## [WHAT IS BEING ASKED]
Please transcribe only the lines between the one containing "耐水圧41000mmH2O" and the end of the records, both ends included, exactly as written; skip every picture.

## [Extracted data entries]
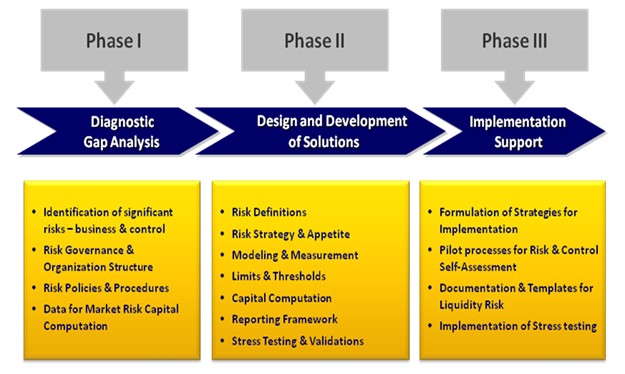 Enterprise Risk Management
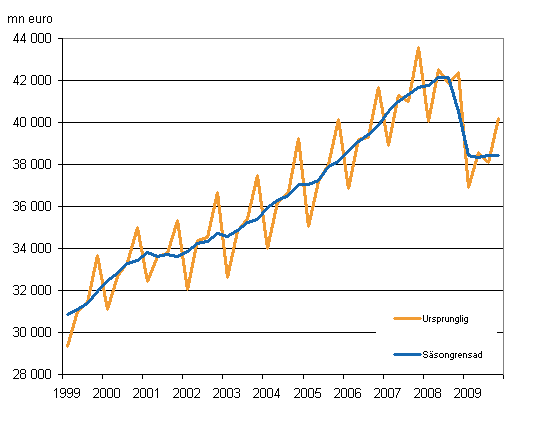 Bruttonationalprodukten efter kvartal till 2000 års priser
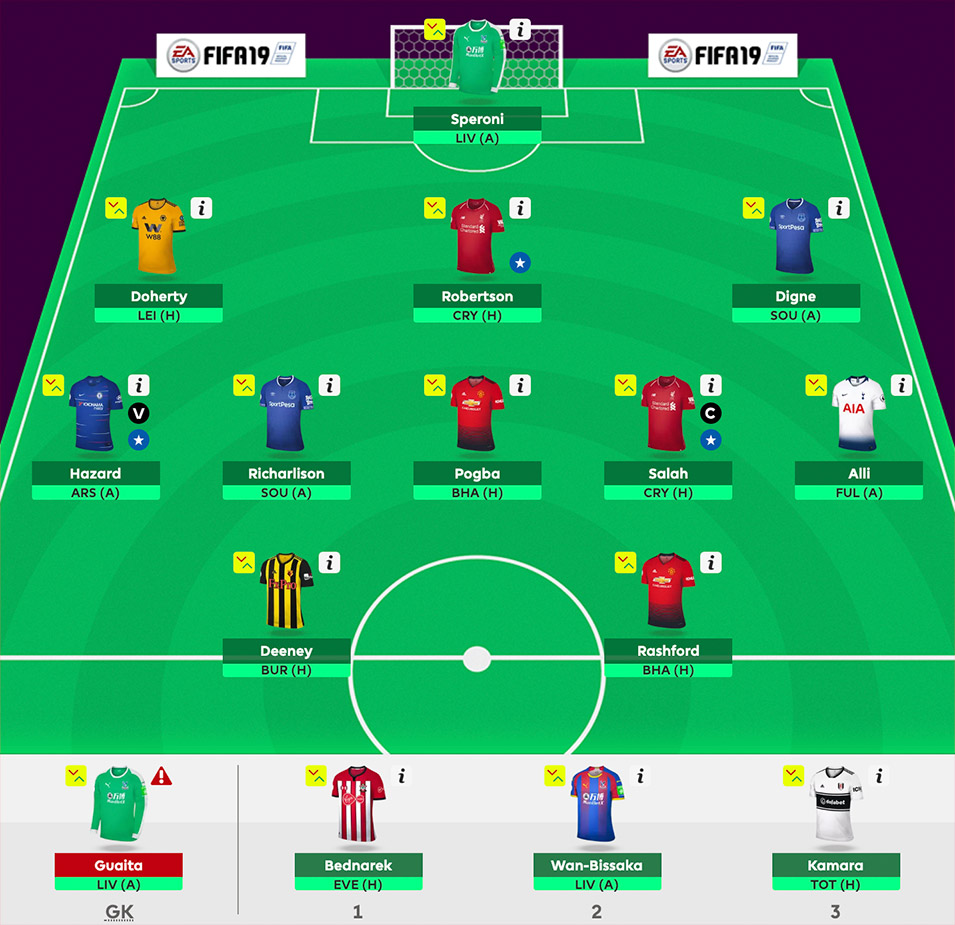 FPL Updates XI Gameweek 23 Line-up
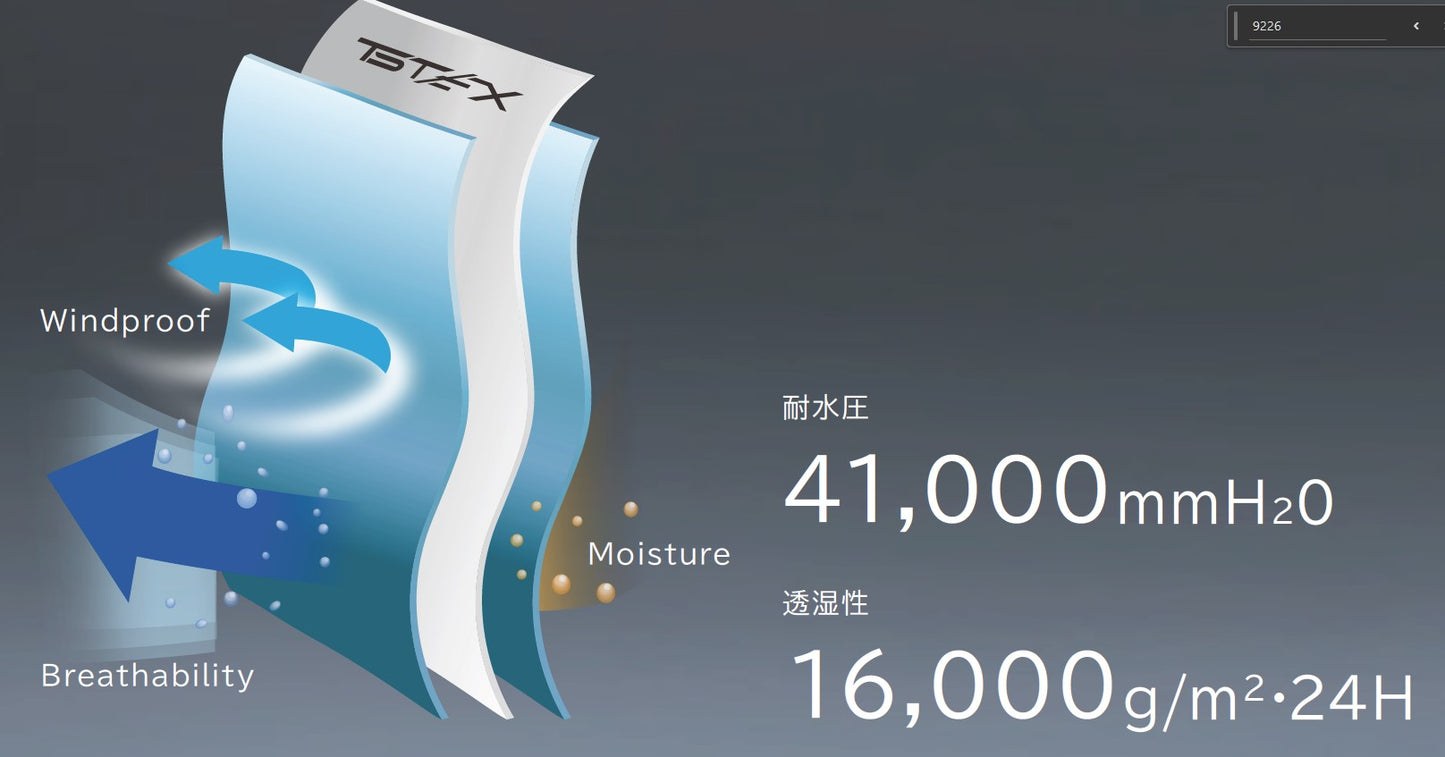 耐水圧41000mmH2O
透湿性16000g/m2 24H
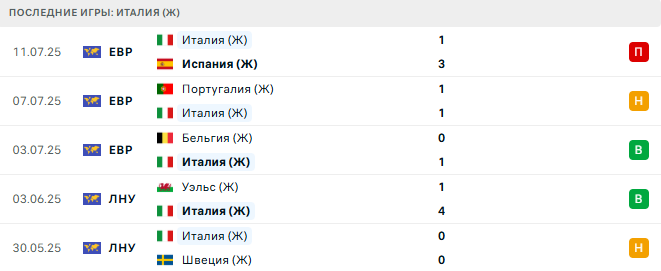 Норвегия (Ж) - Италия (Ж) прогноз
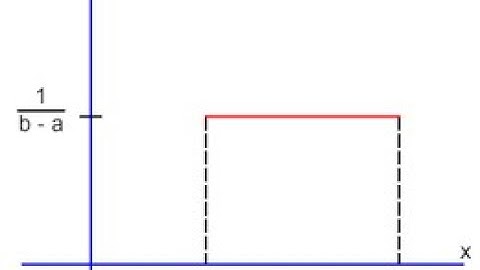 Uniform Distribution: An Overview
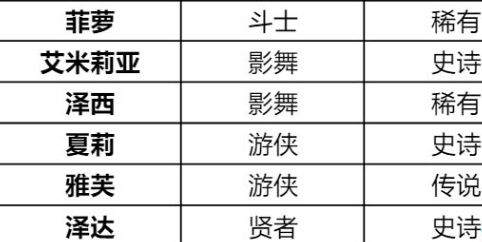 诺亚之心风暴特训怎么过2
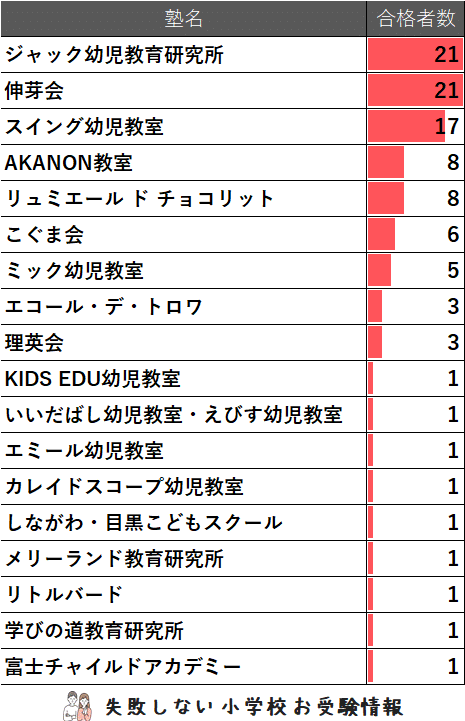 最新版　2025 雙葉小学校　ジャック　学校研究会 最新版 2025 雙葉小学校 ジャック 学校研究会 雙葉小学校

## [OUTPUT BELOW]
 耐水圧41000mmH2O
透湿性16000g/m2 24H
 Норвегия (Ж) - Италия (Ж) прогноз
 Uniform Distribution: An Overview
 诺亚之心风暴特训怎么过2
 最新版　2025 雙葉小学校　ジャック　学校研究会 最新版 2025 雙葉小学校 ジャック 学校研究会 雙葉小学校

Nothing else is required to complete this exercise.